• **Stored data**:
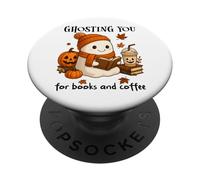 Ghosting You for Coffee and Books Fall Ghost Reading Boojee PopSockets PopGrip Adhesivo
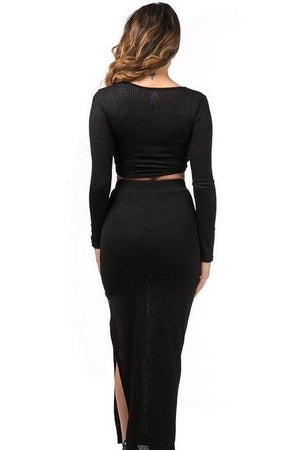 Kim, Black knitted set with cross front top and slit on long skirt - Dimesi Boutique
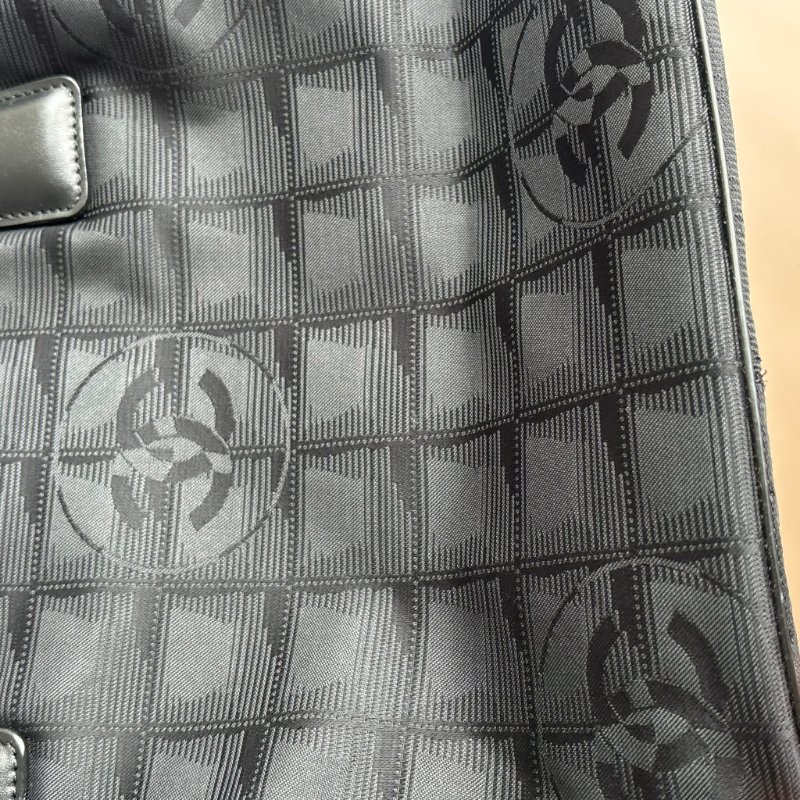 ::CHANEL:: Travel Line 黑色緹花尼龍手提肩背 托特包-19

==

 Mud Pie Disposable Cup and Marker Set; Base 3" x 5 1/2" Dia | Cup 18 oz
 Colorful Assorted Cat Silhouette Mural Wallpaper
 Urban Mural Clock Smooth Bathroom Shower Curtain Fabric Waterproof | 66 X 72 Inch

* * *

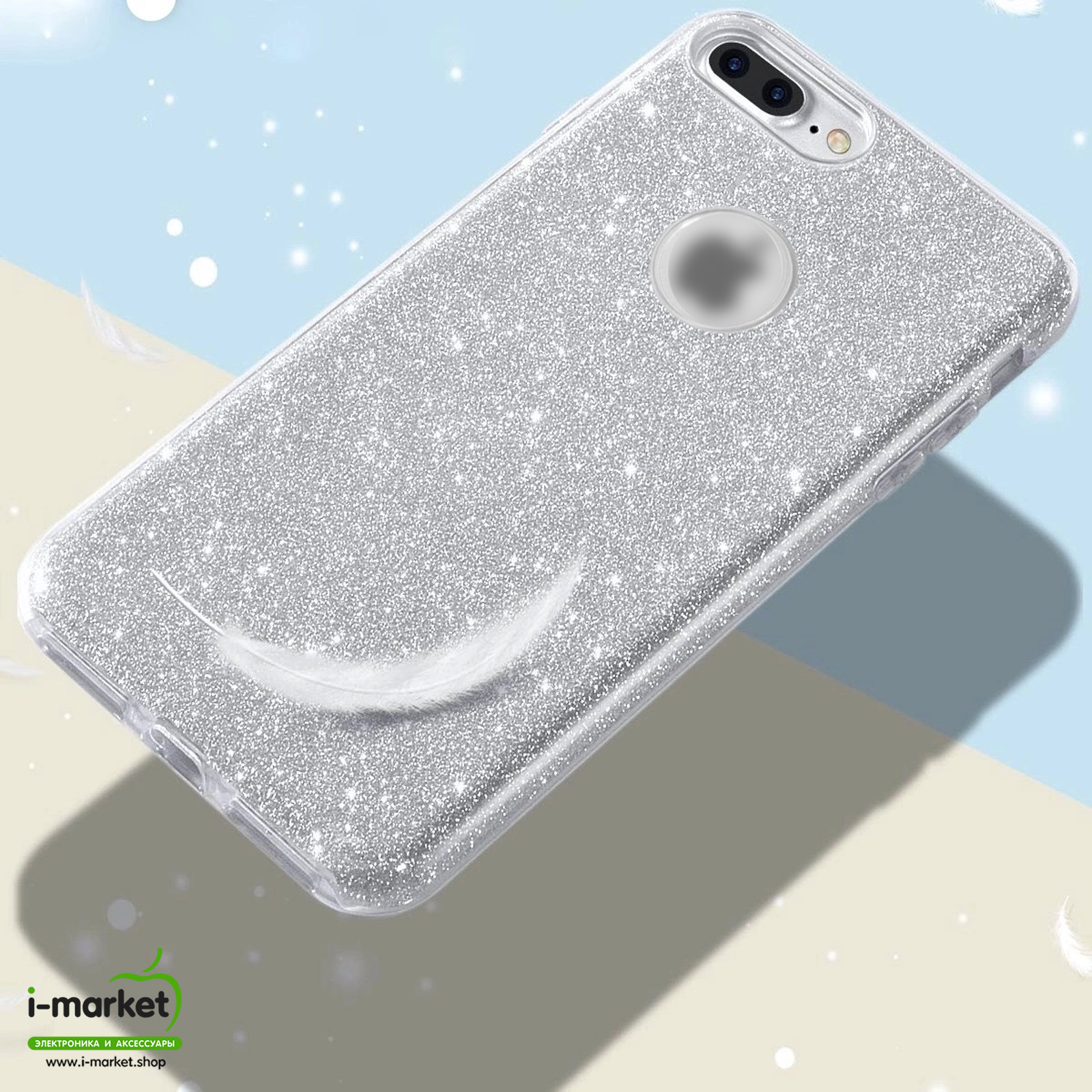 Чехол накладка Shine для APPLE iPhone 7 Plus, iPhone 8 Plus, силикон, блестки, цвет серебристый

• **Problem to solve**: Return only the stretch above from the line containing "Kim, Black knitted" through the line containing "Line 黑色緹花尼龍手提肩背 托特包-19", word for word and without pictures.

• **Reply**:
 Kim, Black knitted set with cross front top and slit on long skirt - Dimesi Boutique
 ::CHANEL:: Travel Line 黑色緹花尼龍手提肩背 托特包-19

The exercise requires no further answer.